Katharina Blum, whose lost honour we are searching for in this bizarre story, is the epitome of a success story in Western Europe of the 1970s, in West Germany, the land of the fulfilled promises of the economic miracle.
Katharina's life path seems to have been marked out with a compass and a ruler, with German precision and post-World War II empathy: secondary education, an uncertain, but well-paying job as a housekeeper, an apartment, a used, but usable car, a lot of free time, few opportunities to spend it; also a pretty and well-groomed look – and an explosive mixture of existential and sexual loneliness.
What else is needed to make this exemplary regular life a little happy, if only for a few hours? A one-night stand, what else: and it will come together, in fact, if everything is true, it would offer more than the pleasures of one night, what's more, mutual love in the arms of a casual partner. But nothing is true. The one-night stand, thanks to one of the most twisted of all story twists, remains a one-night stand, the love...or rather the life, self-respect, innocence, and in short, decency of the woman in love is devoured by the filth: age, time, and the filth of the tabloids.

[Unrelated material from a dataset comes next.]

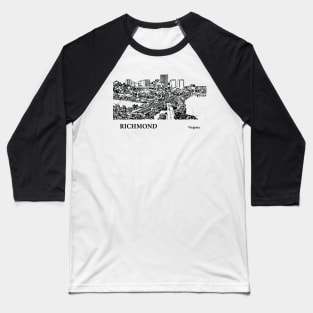 Richmond - Virginia Baseball T-Shirt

Gábor Máté (Budapest, April 29, 1955 -) Kossuth- and Jászai Mari Award-winning Hungarian actor, director, university professor. He is the artistic director of the Katona József Theatre in Budapest. In 2001, he obtained the degree of Doctor of Liberal Arts (DLA) with summa cum laude. Since 2013 he has been a member of the Széchenyi Academy of Literature and Art.
He graduated from the College of Drama in 1980 with a degree in acting, and was a student of Tamás Major and Gábor Székely. He was contracted by the famous Gergely Csiky Theatre in Kaposvár.
He debuted as a director in 1981. In 1987 he signed a contract with the Budapest Katona József Theatre. He has been teaching at the University of Theatre and Film Arts since 1993. He received his DLA degree in 2001 and has been a habilitated doctor since 2006.
From February 1, 2011, he is the artistic director of the Katona József Theatre in Budapest, replacing Gábor Zsámbéki.